Auswahlverzerrung: Was es ist, wie man es vermeidet + praktische Auswirkungen

Veröffentlicht: 2022-11-01

Forscher benötigen möglicherweise Hilfe bei Ergebnissen, die nicht mit den Realitäten der Zielgemeinschaft übereinstimmen. Es gibt zahlreiche Ursachen, aber eine der wichtigsten ist die Selektionsverzerrung. Dies tritt auf, wenn die Studienstichprobe die interessierende Population genau repräsentieren muss, was zu Abweichungen in den Forschungsergebnissen führt.

Das Verständnis der Selektionsverzerrung, ihrer praktischen Auswirkungen und der besten Möglichkeiten, sie zu vermeiden, wird Ihnen helfen, mit ihren Auswirkungen umzugehen. Alles, was Sie wissen müssen, um Ihren Datenerfassungsprozess zu verbessern, wird in diesem Beitrag behandelt.

Was ist Selektionsbias?

Selection Bias bezieht sich auf experimentelle Fehler, die zu einer ungenauen Darstellung Ihrer Forschungsstichprobe führen. Es entsteht, wenn der Teilnehmerpool oder die Daten die Zielgruppe nicht repräsentieren.

Eine wesentliche Ursache für Selektionsbias ist, wenn der Forscher Untergruppenmerkmale nicht berücksichtigt. Es verursacht grundlegende Unterschiede zwischen den Stichprobendatenvariablen und der tatsächlichen Forschungspopulation.
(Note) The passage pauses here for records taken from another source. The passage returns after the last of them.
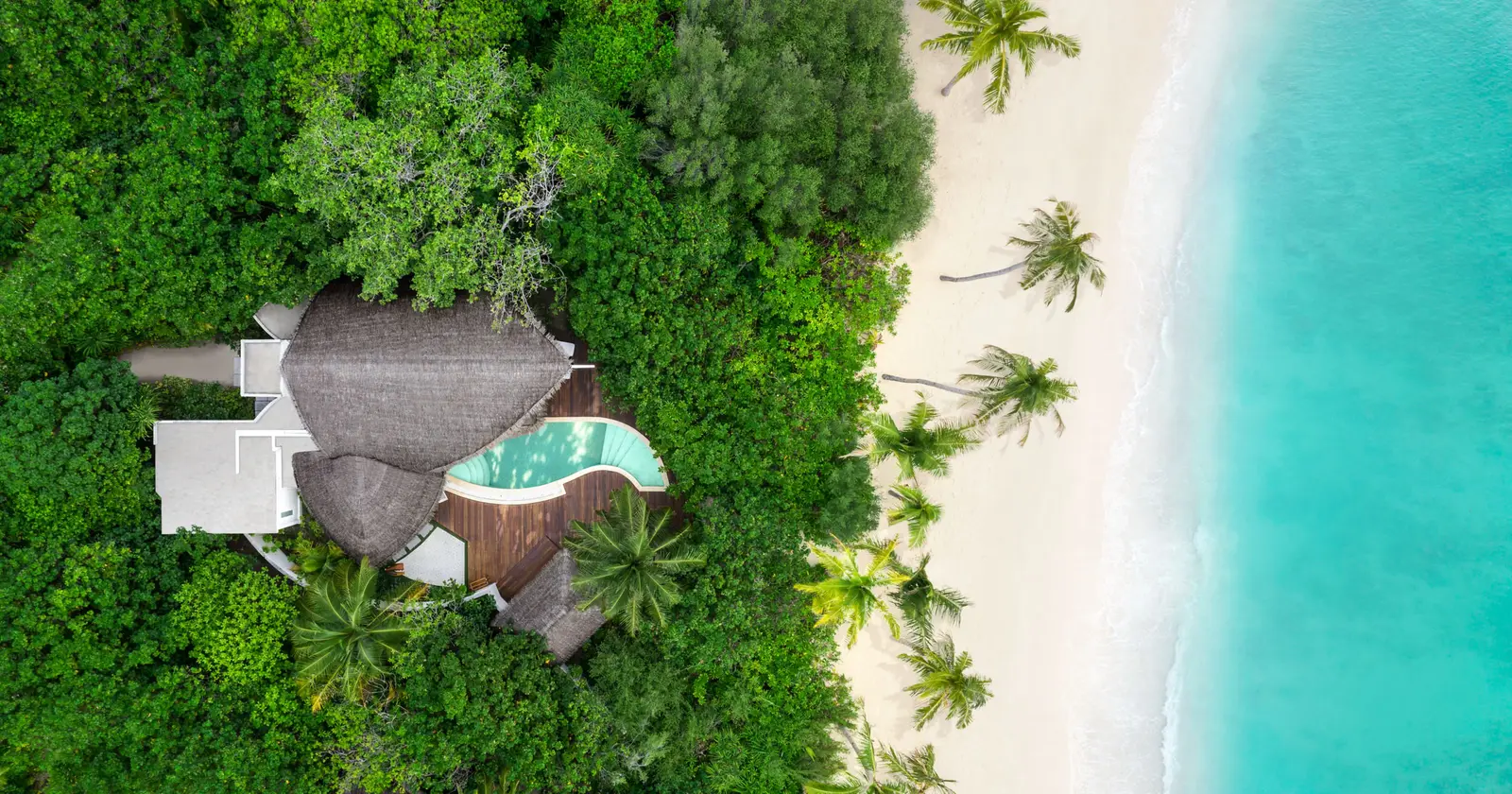The Two-Bedroom Duplex Beach Pool Villa from above, its pool in the garden and the beach beside it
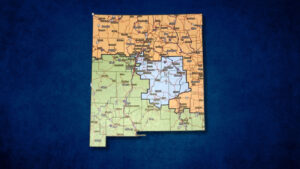 A color-coded map of New Mexico shows different regions divided by orange, green, and blue shaded areas, with cities and highways labeled.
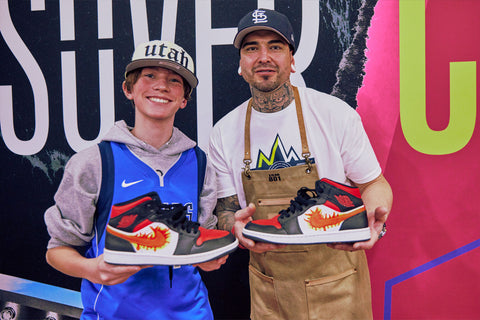 Jonathan Millar and guest showing off a a custom shoes made with Angelus Paints at the NBA Crossover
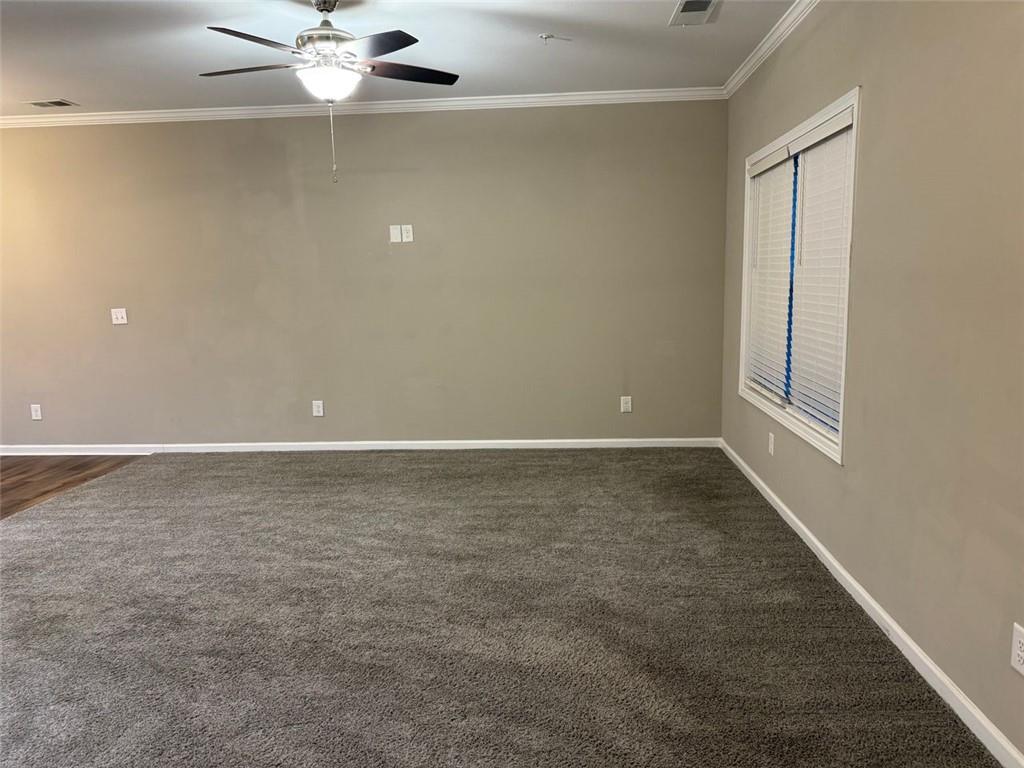 3369 Hidden Stream Court Stockbridge, GA 30281 - Photo 2 of 13 an empty room with a chandelier fan and windows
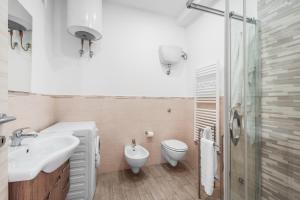 a bathroom with a sink and a toilet and a shower at Dreamers' House Sorrento in Sorrento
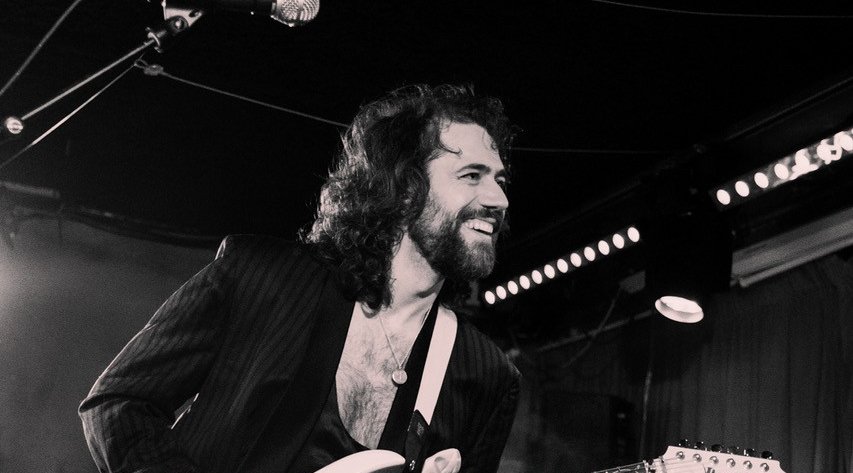 a black and white picture of felix hagan playing guitar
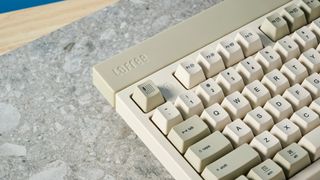 The Lofree Block keyboard on a stone surface with a blue wall in the background.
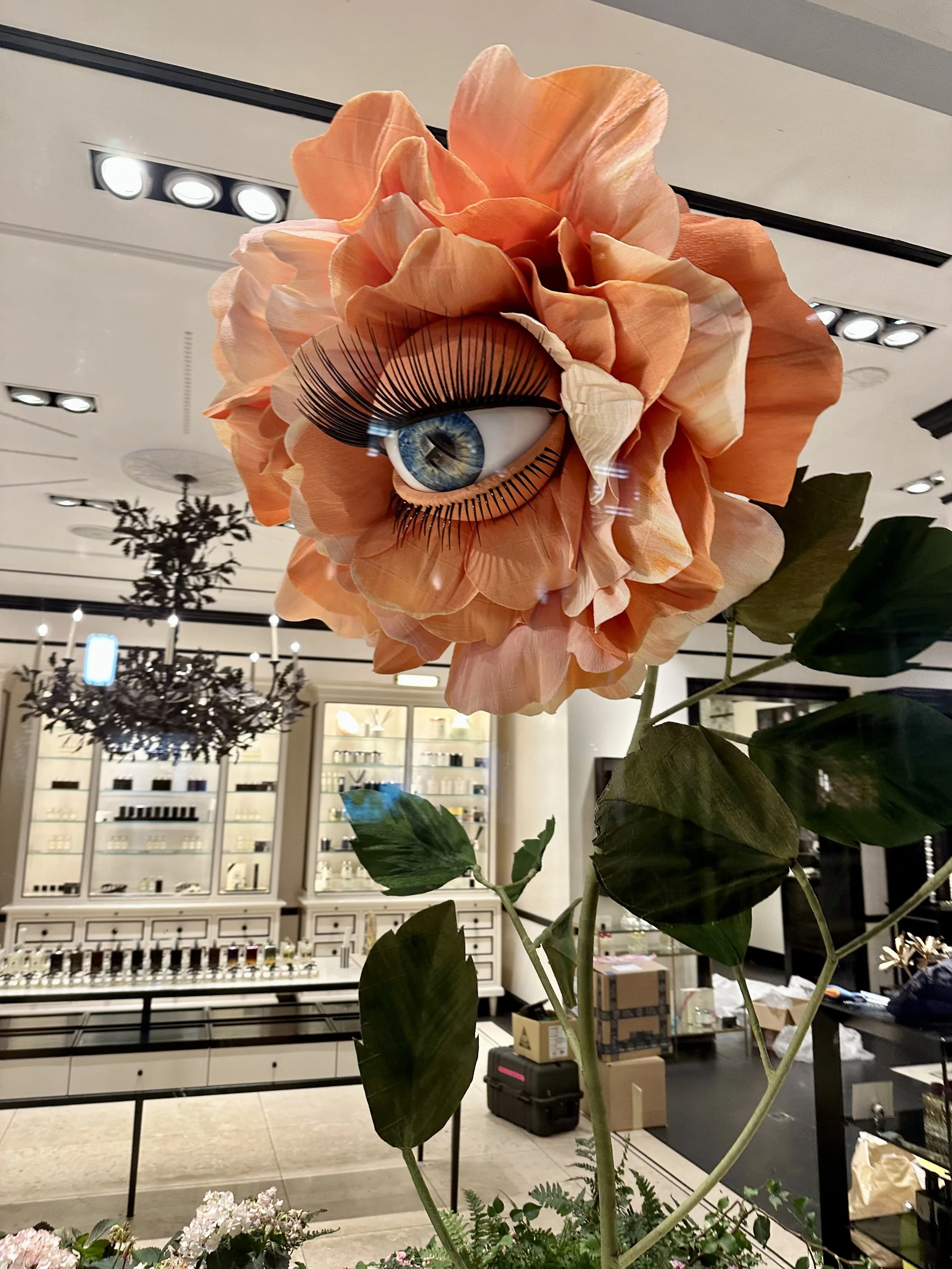 Giant peach rose flower display with big blinking eye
Selektionsbias entsteht in der Forschung aus mehreren Gründen. Wenn der Forscher die Stichprobenpopulation nach den falschen Kriterien auswählt, kann er zahlreiche Beispiele für diese Verzerrung finden. Dies kann auch aufgrund von Elementen geschehen, die die Bereitschaft der Freiwilligen zur Fortsetzung der Teilnahme beeinflussen.

Welche Arten von Selektionsbias in der Forschung gibt es?

An verschiedenen Stellen im Forschungsprozess können verschiedene Arten von Selektionsverzerrungen auftreten. Im Folgenden sind einige davon aufgeführt:

  • Sampling-Bias

Stichprobenverzerrung ist eine Form der Auswahlverzerrung, die durch nicht zufällige Populationsstichproben verursacht wird. Es tritt auf, wenn bestimmte Untergruppen aus der Forschungsstichprobe entfernt werden, was zu einer ungenauen Darstellung der Untergruppen in der Stichprobenpopulation führt.

Stellen Sie sich zum Beispiel vor, Sie untersuchen die Prävalenz von Herzkrankheiten in Ihrer Gegend. Um Daten zu sammeln, beschließen Sie, Interviews mit Käufern im Einkaufszentrum zu führen.

Diese Strategie schließt Krankenhauspatienten und Patienten mit Herzerkrankungen aus. Ihre Stichprobe ist voreingenommen, weil viele Menschen nicht in diesem Einkaufszentrum anwesend sind, sondern sich zu Hause oder in Krankenhäusern aufhalten.

  • Selbstselektionsverzerrung

Selbstselektionsverzerrung wird auch als Freiwilligenverzerrung bezeichnet. Dies tritt auf, wenn die Eigenschaften der Personen, die freiwillig an der Studie teilnehmen, für die Ziele der Untersuchung wichtig sind.

Selbstselektion führt zu verzerrten Daten, wenn die Stichprobengruppe aus Freiwilligen und nicht aus der idealen Zielpopulation besteht. Es ist sehr wahrscheinlich, dass Forscher wahrscheinlich voreingenommene Ergebnisse erhalten werden.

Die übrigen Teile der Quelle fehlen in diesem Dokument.